EXERCISE GOAL:
Beginning with the line containing "Cybersecurity Awareness –" and ending with the last line, repeat the records exactly.

[Start of Attachment]

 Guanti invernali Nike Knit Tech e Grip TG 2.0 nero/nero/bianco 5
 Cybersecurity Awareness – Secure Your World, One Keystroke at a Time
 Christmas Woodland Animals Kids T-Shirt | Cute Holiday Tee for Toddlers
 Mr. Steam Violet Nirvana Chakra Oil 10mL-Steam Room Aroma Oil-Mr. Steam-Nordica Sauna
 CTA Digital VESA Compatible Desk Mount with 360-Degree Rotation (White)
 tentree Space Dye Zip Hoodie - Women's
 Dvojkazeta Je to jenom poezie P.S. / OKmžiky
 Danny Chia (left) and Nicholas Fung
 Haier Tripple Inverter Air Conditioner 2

[End of Attachment]

WRITTEN ANSWER:
 Cybersecurity Awareness – Secure Your World, One Keystroke at a Time
 Christmas Woodland Animals Kids T-Shirt | Cute Holiday Tee for Toddlers
 Mr. Steam Violet Nirvana Chakra Oil 10mL-Steam Room Aroma Oil-Mr. Steam-Nordica Sauna
 CTA Digital VESA Compatible Desk Mount with 360-Degree Rotation (White)
 tentree Space Dye Zip Hoodie - Women's
 Dvojkazeta Je to jenom poezie P.S. / OKmžiky
 Danny Chia (left) and Nicholas Fung
 Haier Tripple Inverter Air Conditioner 2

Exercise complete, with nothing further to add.